Although many clinical studies claimed that finasteride and dutasteride ‘are safe and tolerable’ [7], new emerging evidence suggests that finasteride and dutasteride induce metabolic dysfunction, such as hyperglycemia [16], IR [13,16], liver fat accumulation [12,14], liver steatosis and liver fibrosis [12,14], and T2DM [17]. It should be noted that many reported clinical trials failed to incorporate specific measures of metabolic dysfunction (e.g., liver lipid accumulation; hyperglycemia, IR) as primary or secondary endpoints, in order to evaluate the effects of these drugs on metabolic dysfunction [9,10].

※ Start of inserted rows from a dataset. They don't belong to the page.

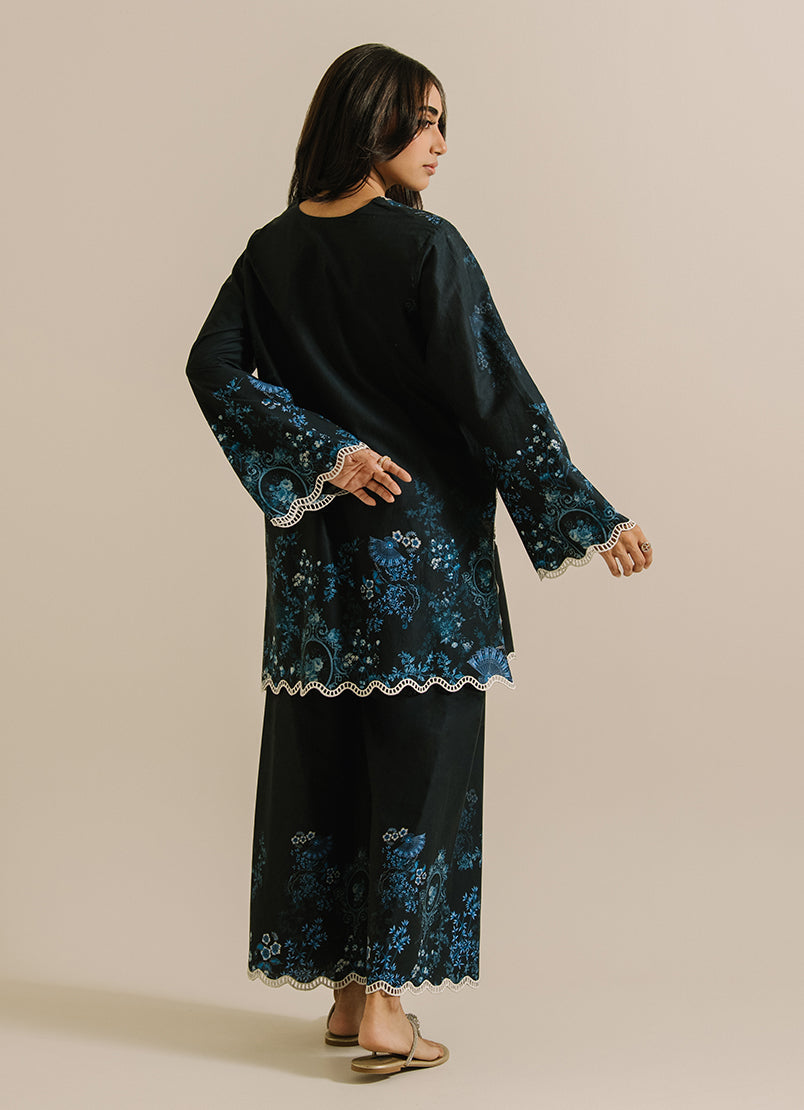 Embroidered Organza Dupatta (As Shown)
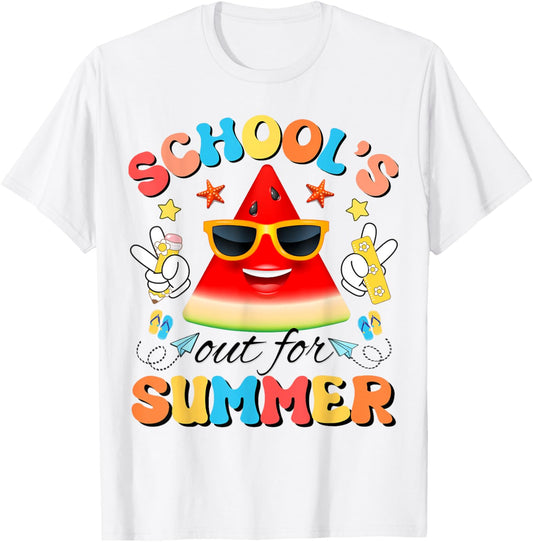 School's Out For Summer Last Day Of School Watermelon Kids T-Shirt - T-Shirt | White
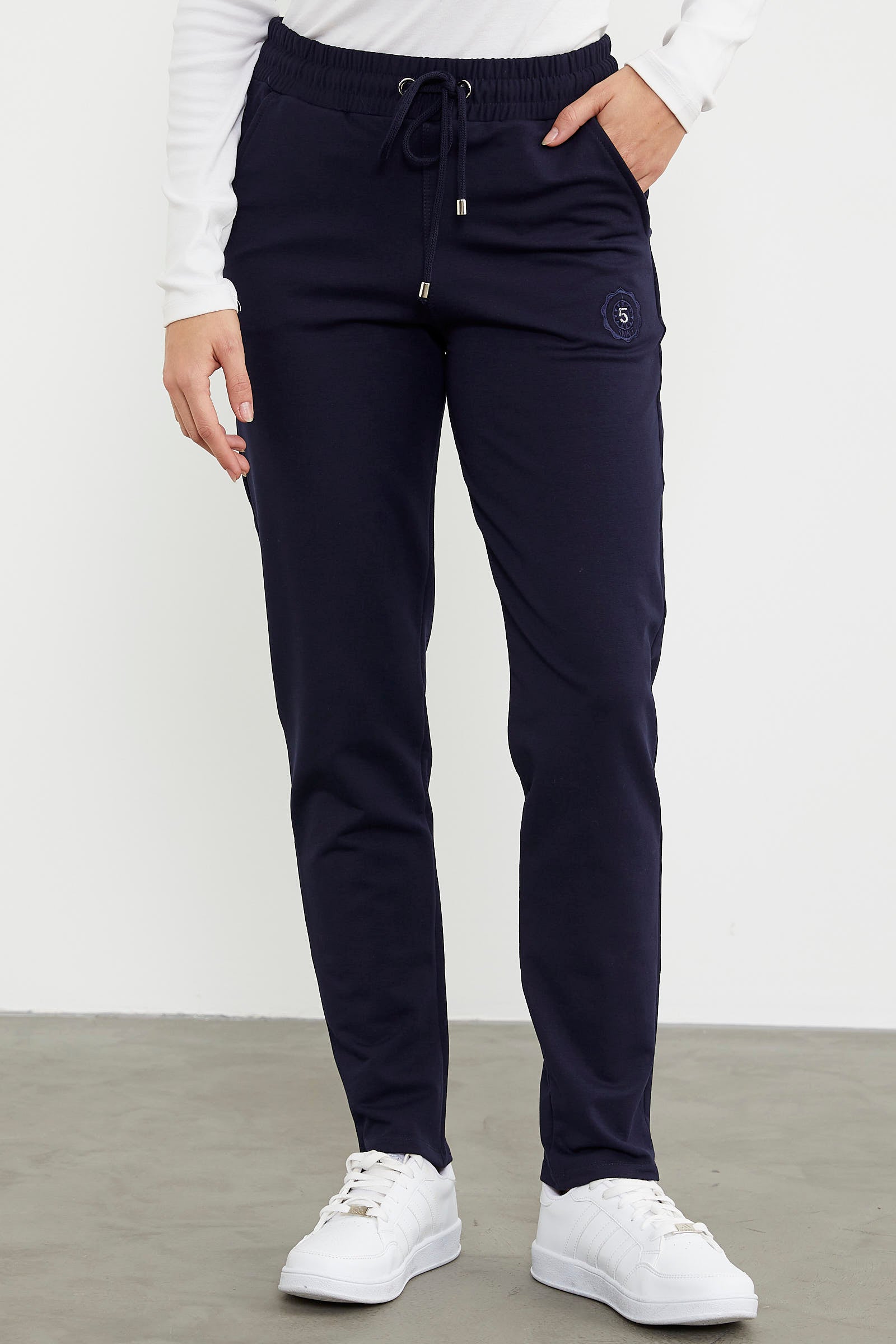 Yüksek Bel İki İplik Eşofman Altı - Lacivert (3) Sementa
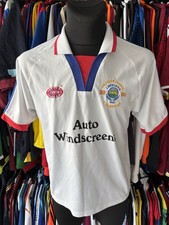 Linfield FC 2000 2001 Away Football Shirt Rossco Champions Jersey Size M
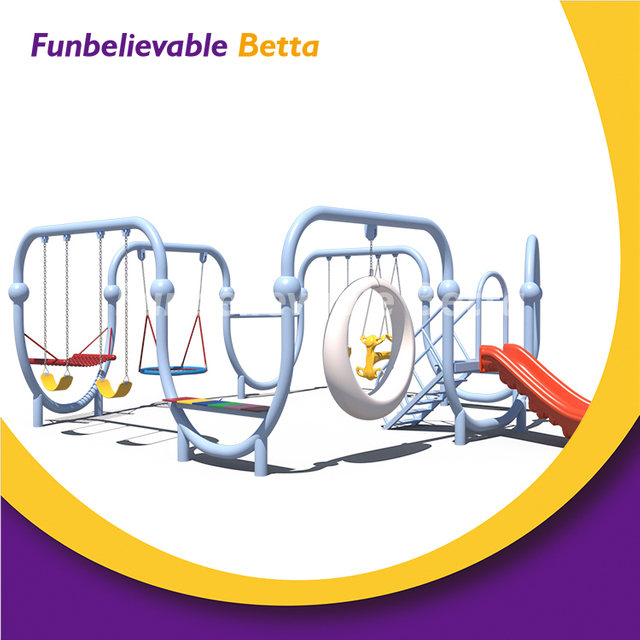 Bettaplay Equipo de juegos al aire libre Personalizar a los niños de alta calidad Swing Outdoor Playground Swing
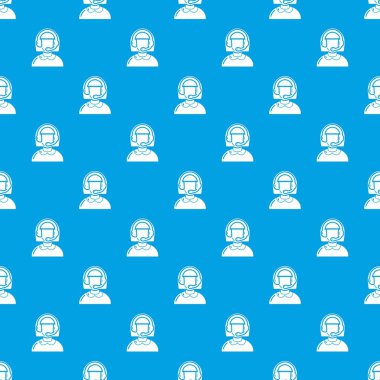 Operatör desen vektör kesintisiz mavi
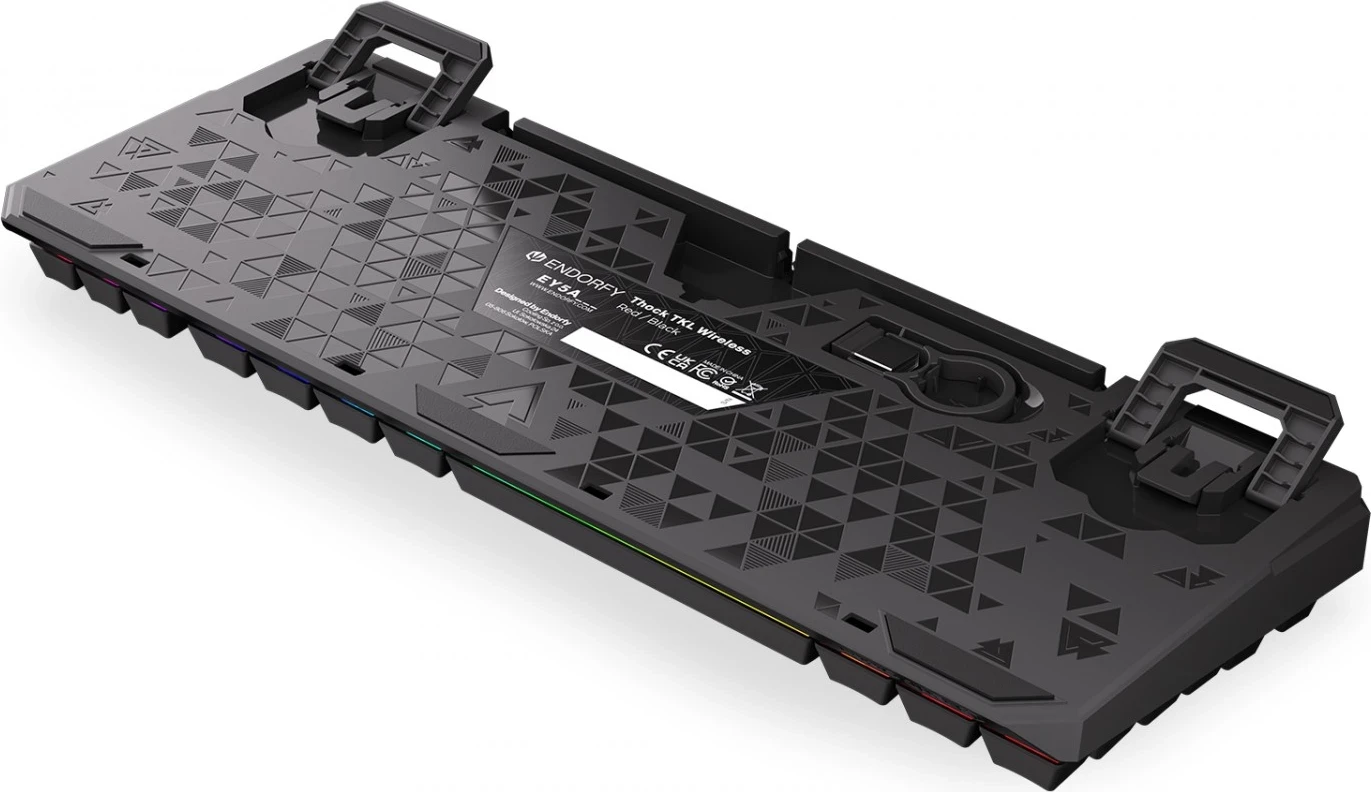 Mekaniški brezžični TKL tipkovnica Endorfy Thock, črna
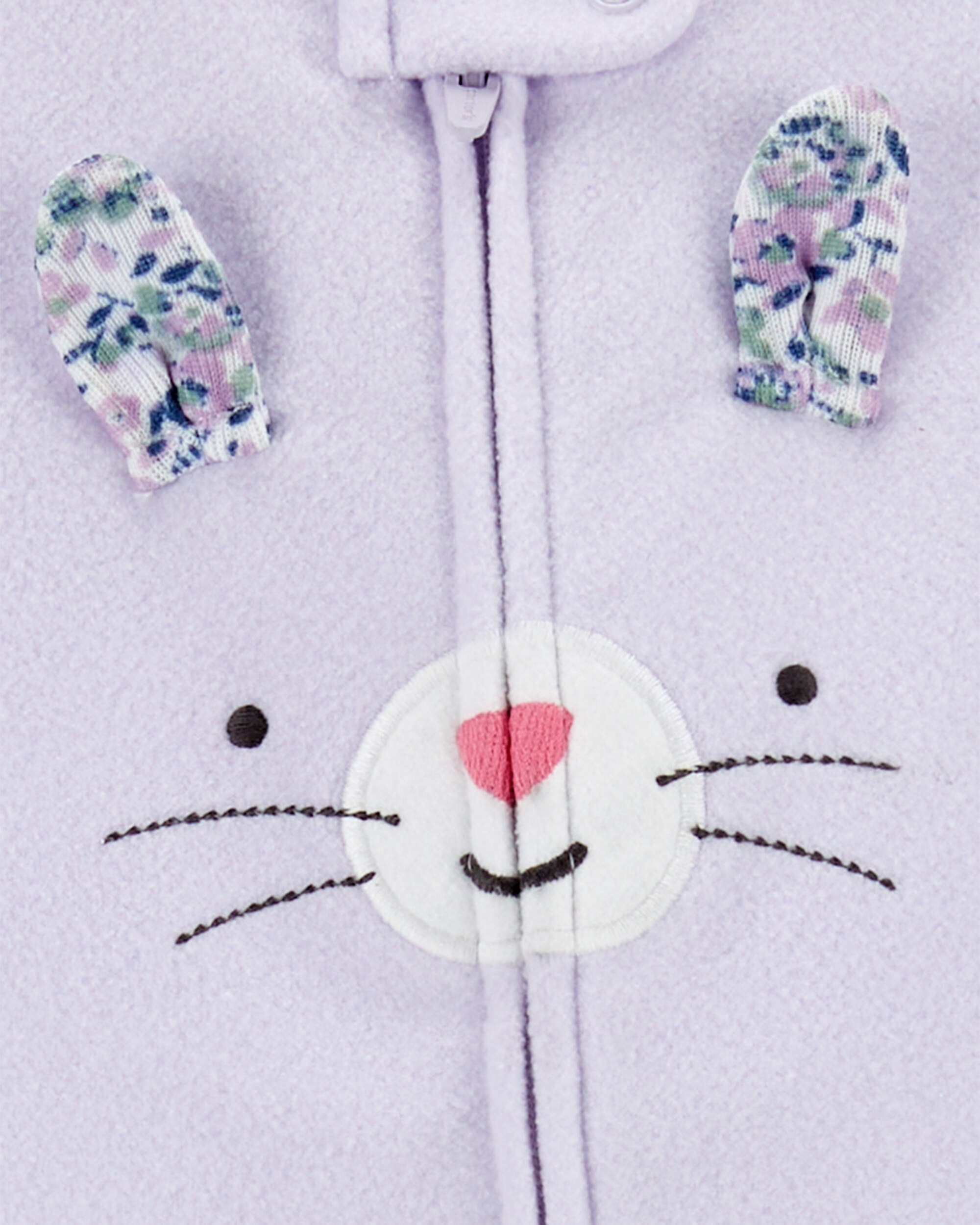 Purple Baby Bunny Fleece Zip Up Footie Sleeper Pyjamas Carter s Oshkosh Canada
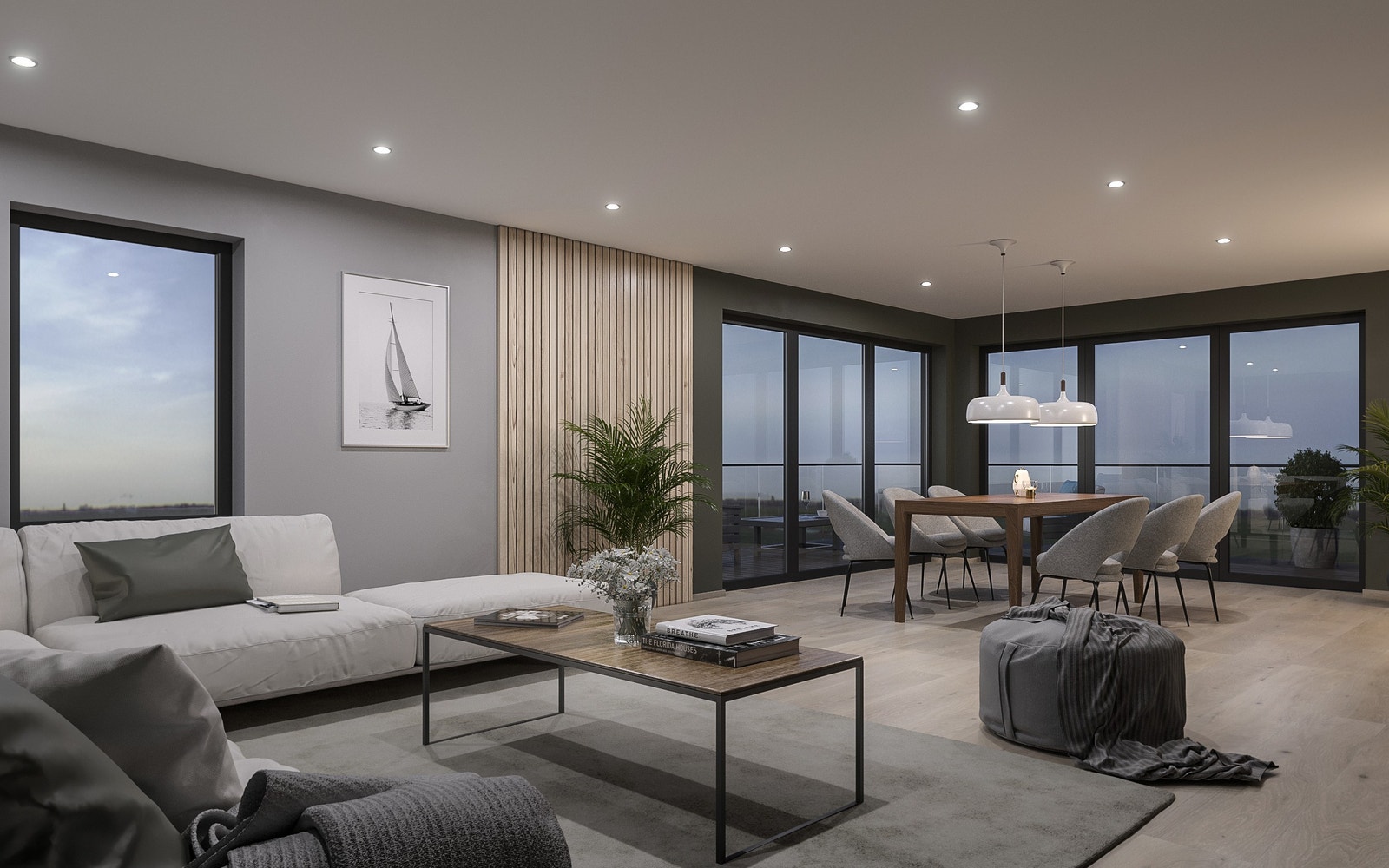 Interiørbilde Milano. Dette er kun et forslag til hus, du kan være med å velge husmodel selv. Vi kan også tegne frem akkurat ditt hus slik du ønsker det. Ta kontakt! Galleribilde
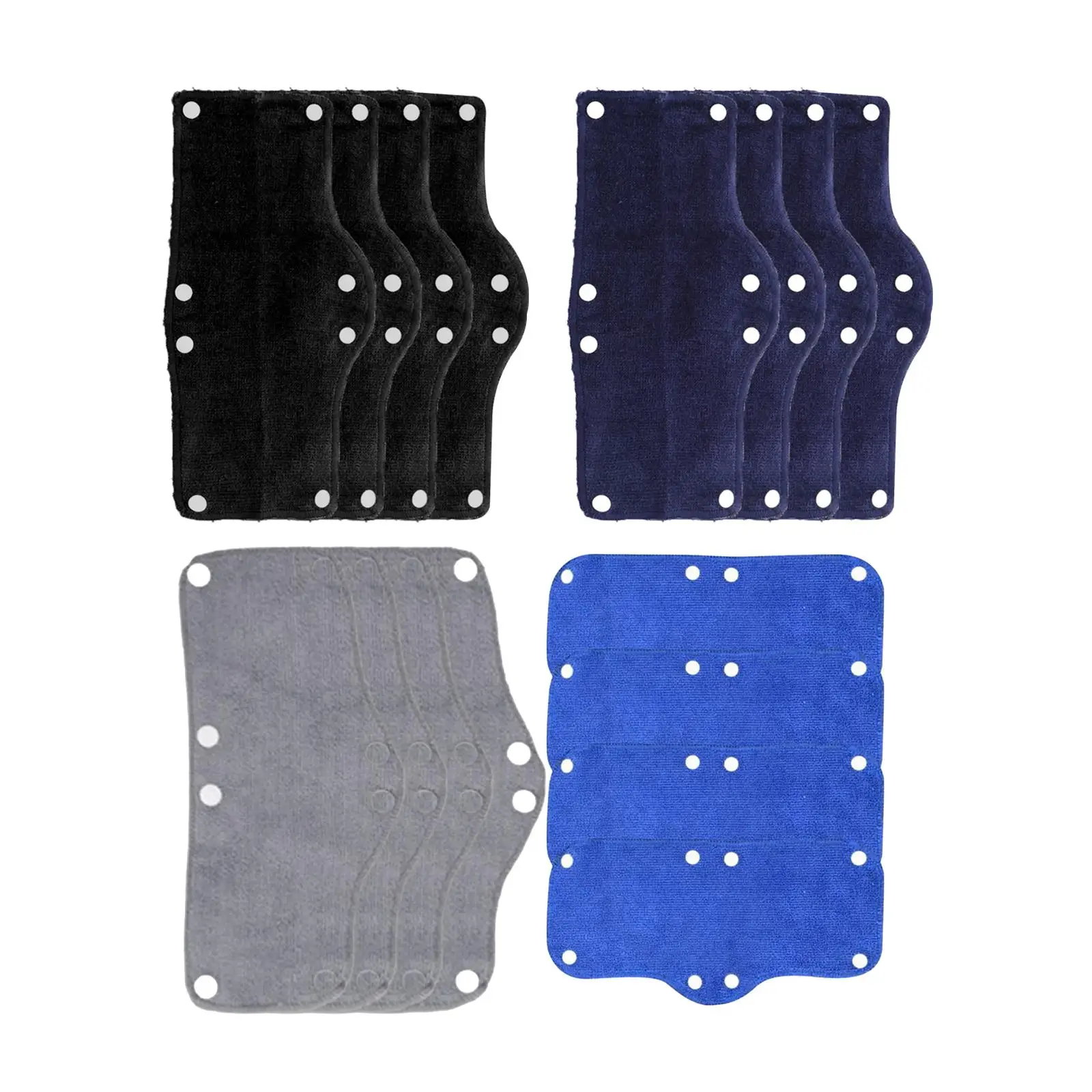 Helmet Sweatband Hard Hat Liner Sweat Bands Outdoor Work Reusable Terry Cloth Washable snap 4pcs for helmet sweatband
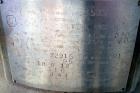 Used Sparkler Horizontal Plate Filter, Model 18-D-12, 316 stainless steel. 19.32 square feet filter area, 2.3 cubic feet cake capacity. Vertical non-jacketed tank 20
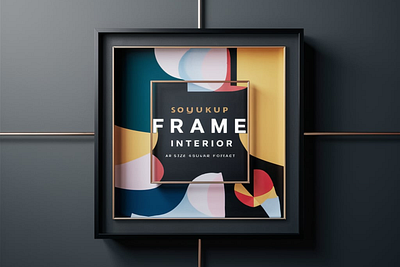 Mockup Frame Interior A3 + Square design graphic design illustration logo vector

Here we advance the concept that blockade of the 5α-R enzymatic activities by such irreversible inhibitors results in a state of a new form of androgen deficiency, independent of circulating T levels. This new form of androgen deficiency has not been recognized before, simply, it is thought that as long as T levels are in the physiological range, androgen sufficiency is considered normal. Because finasteride and dutasteride are often prescribed to treat LUTS in men with BPH and male pattern hair loss in men with AGA for prolonged periods of time, it is postulated that men treated with these drugs are in a state of androgen deficiency and are at high risk of developing NAFLD IR, T2DM, dry eye disease, potential kidney dysfunction, among other metabolic dysfunctions. For these reasons, we believe that the clinical community should recognize these new potential health risks associated with these drugs and we believe “it’s time to sound the alarm” on these drugs.